Area Members Attend “Big Tent” Conference in Houston, TX

Each year the Search Institute based in Minneapolis, MN, (the organization responsible for initiating the national movement known as the “Healthy Communities Healthy Youth Initiative”) sponsors and hosts a large national, inter-generational conference.  This year’s conference, named the Big Tent conference, was held in Houston, TX from November 17-20th and attracted over 1500 people (1000 adults and 500 youth) from 46 states and eight countries.  Attending from the Upper Bucks Healthy Communities Healthy Youth Coalition (UBHCHY) were Lynette Reed, UBHCHY Steering Committee Member, Karen Richter, Community Mobilizer from the Palisades community, Lee Rush, Executive Director of justCommunity, Inc and Ryan Stetler, health teacher from Quakertown High School.  Also attending the conference and representing the Indian Valley Character Counts! Coalition (IVCCC) were James Brophy, North Penn YMCA Teen Program Director and Kristin Messina, IVCCC Community Mobilizer.
This is not your run-of-the-mill professional development conference. For one thing, it’s populated not with rank and file professional youth workers to the exclusion of all others, but rather, with people from all walks of life—parents, students, ministers, police officers, business owners, government policy makers and people who simply volunteer in their community to benefit young people.

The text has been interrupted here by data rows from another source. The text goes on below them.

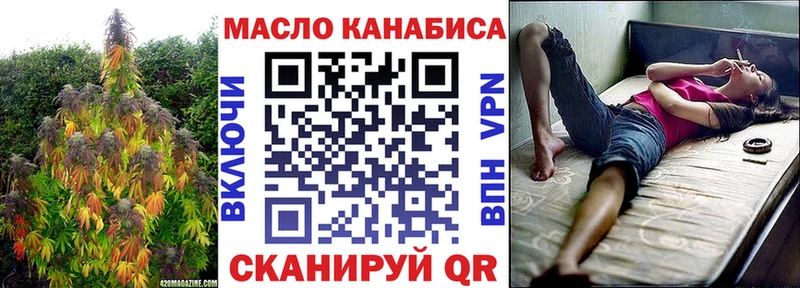 хочу наркоту  Малая Вишера  ТГК концентрат 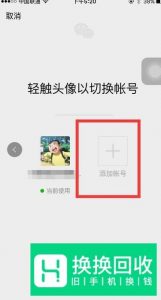 怎么在别人手机上登录自己微信？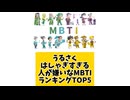 【MBTI】うるさくはしゃぎすぎる人が嫌いなMBTIランキングTOP5 #mbti #恋愛 #16タイプ性格診断 #16タイプ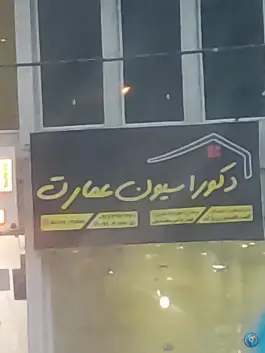 عکس های دکوراسیون داخلی عمارت، محله رسالت جنوبی، بندرعباس
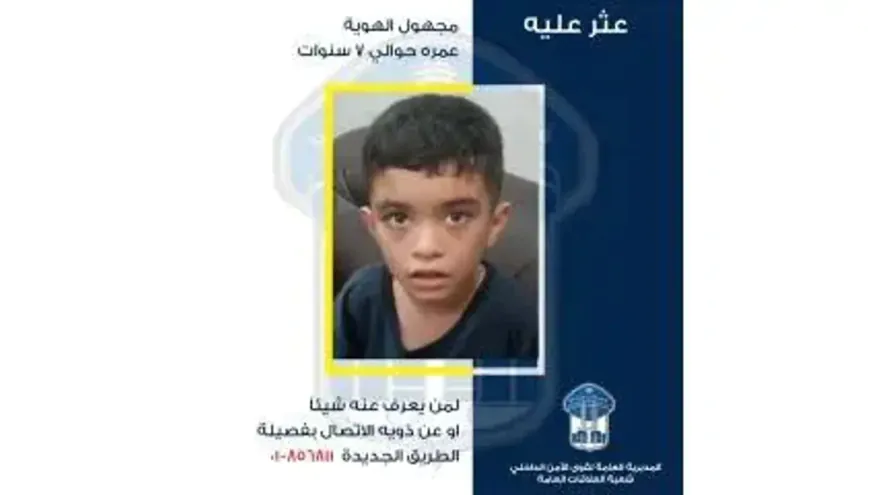 قوى الأمن تبحث عن أهل طفل مجهول الهوية عُثر عليه في بيروت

“This event gives us a chance to see what is else is working throughout the country,” said Lee Rush who has attended than 10 Search Institute conferences.  “I always come back to Upper Bucks with at least one or more new ideas we can put to work in our community.”

For Kristin Messina, the newly appointed Community Mobilizer for IVCCC, this was her first conference sponsored by the developer of the 40 Developmental Asset approach.

“I really loved the energy created by having both youth and adults under the same roof—or I guess I should say tent!”

Both the UBHCHY and the IVCCC use the Developmental Asset survey with their respective communities when they conduct youth surveys every two years.  The results of the survey are shared in the form of the Student Support Card.